I regularly meet with people who have an idea for a business and who want to know how to get started. Should it be set up as a corporation? An LLC? A sole proprietorship? Should it have its own bank account? What about insurance?

Often, my first response is “How do you plan to market this business?”

This, of course, elicits an array of interesting reactions. Squints. Head turns. Puzzled looks. They thought they came to an accountant’s office, after all.

I can talk for an hour (or for as long as you’re willing to pay my fee) about organizing and accounting for a new venture, but no business will gain traction unless it has 1) something to offer that people want, and 2) a plan for getting the word out.

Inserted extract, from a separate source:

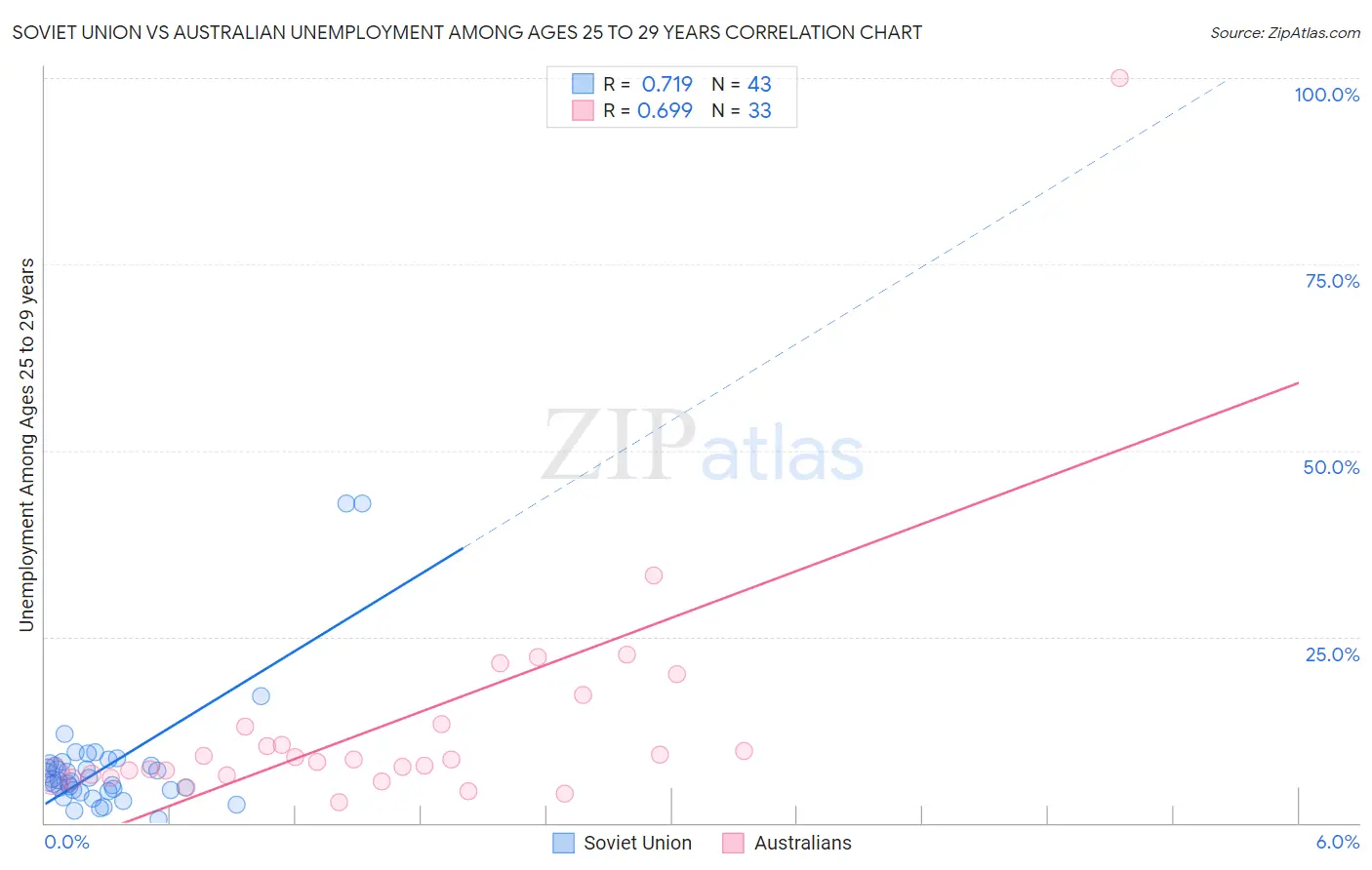 Soviet Union vs Australian Unemployment Among Ages 25 to 29 years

I admit to not recognizing a great idea from time to time. (See an example of this in “A (Text) Message to My Kids.”) But I do know that the difference between an idea that takes off and one that doesn’t often has little to do with the idea and a lot to do with how it is marketed. (Check out “AD MAN!!!!!!!!” to see why this is true.)

So I encourage my entrepreneurial clients to list a dozen different ways that they'll market their new businesses. The first six are generally easy to tick off, such as printing business cards, sending direct mail pieces, placing ads in the various yellow pages, creating a website, joining a business development group (BNI, for example), purchasing newspaper, radio or television ads, etc. The next six become more challenging, but that’s where the payoff lies.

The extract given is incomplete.